Stoltz was found guilty of the charges and convicted to 4 1/2 years in state prison, followed by 10 years on parole, and will be required to be registered as a sex offender. After the conviction, a 48-year-old former camper said that Stoltz had forced him to perform oral sex on him when he was 9 years old. One of Stoltz's victims committed suicide. A man said that he was repeatedly sexually abused at Brant Lake Camp in 1960, which he reported to the camp but the camp took no action.

Brant Lake Camp was later sued by the family of an 11-year-old victim of Stoltz. The family stated that the 11-year-old had sustained physical and traumatic injuries from Stoltz and that Brant Lake Camp was liable. In response, Brant Lake Camp filed a statement in court saying that the 11-year-old victim "failed to take reasonable precautions for his own safety and otherwise failed to take reasonable action to mitigate or minimize his alleged damages". Brant Lake Camp's insurance company decided to pay the family in order for them to drop the lawsuit.

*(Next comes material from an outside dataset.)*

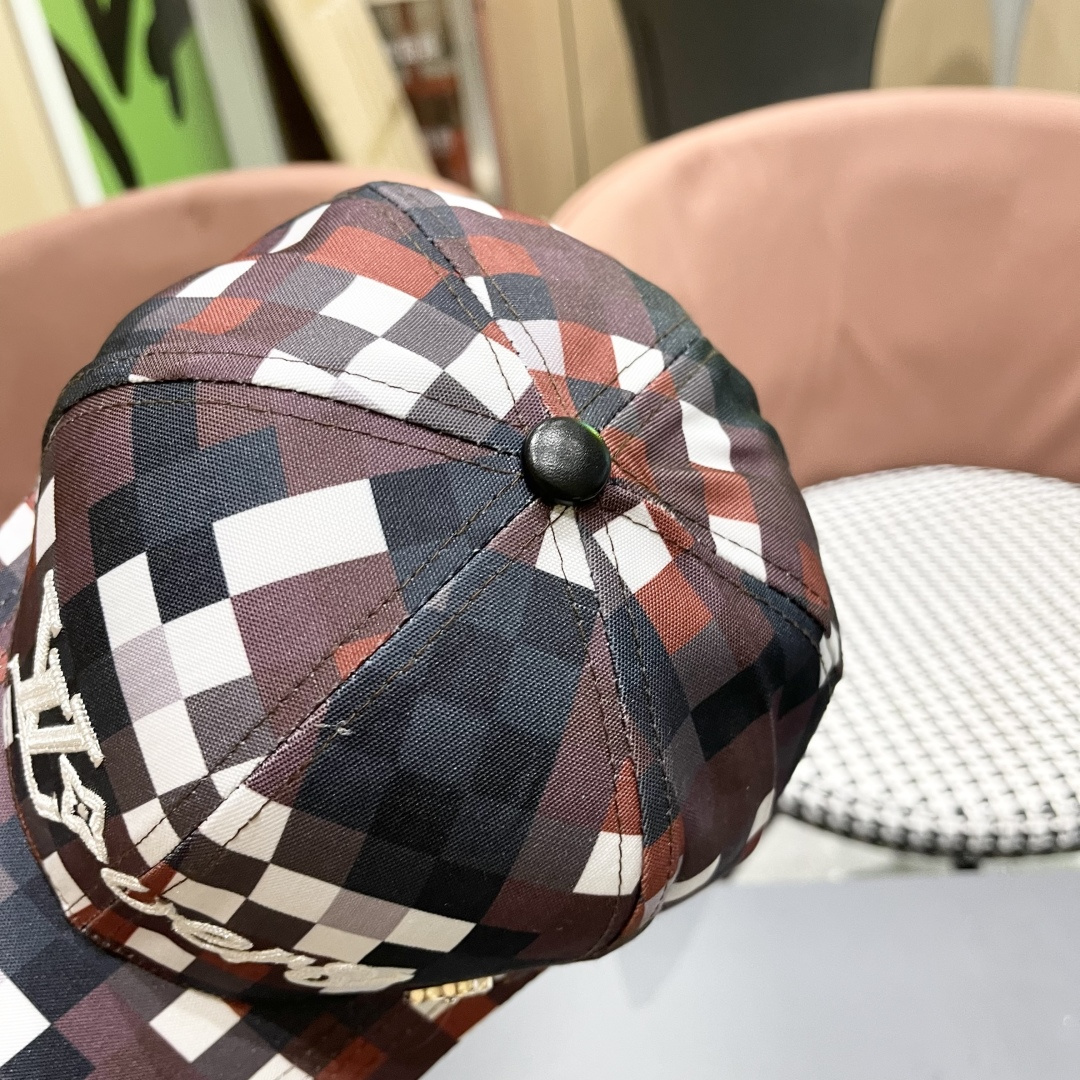  LV(路易威登)2025新款原单棒球帽， 专柜11开模订制，轻盈透气！质量超赞！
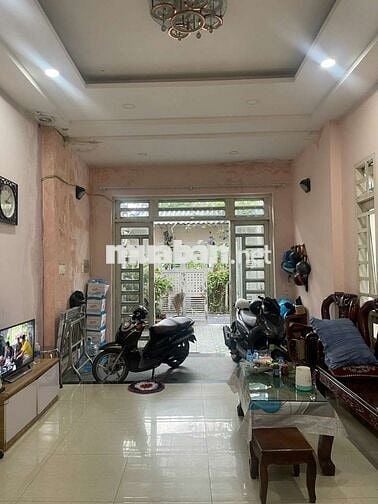 2 CĂN NHÀ 2 TẦNG BTCT VÀ CẤP 4,  256M² NGANG 10M, HẺM XE HƠI, CHỈ 6.5T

== Accreditations and Recommendations ==
Brant Lake Camp is accredited by the American Camp Association, whose accreditation standards focus on areas such as health, safety, risk management, and camp operations. ACA accreditation reflects a voluntary review process and public commitment to recognized camp industry standards.

The camp has also been vetted and recommended by American Summer Camps, an organization that helps families identify summer camps for their children and assists prospective staff in finding camp employment opportunities. Brant Lake Camp has been highlighted on the ASC website for its sports-focused program and single-family ownership.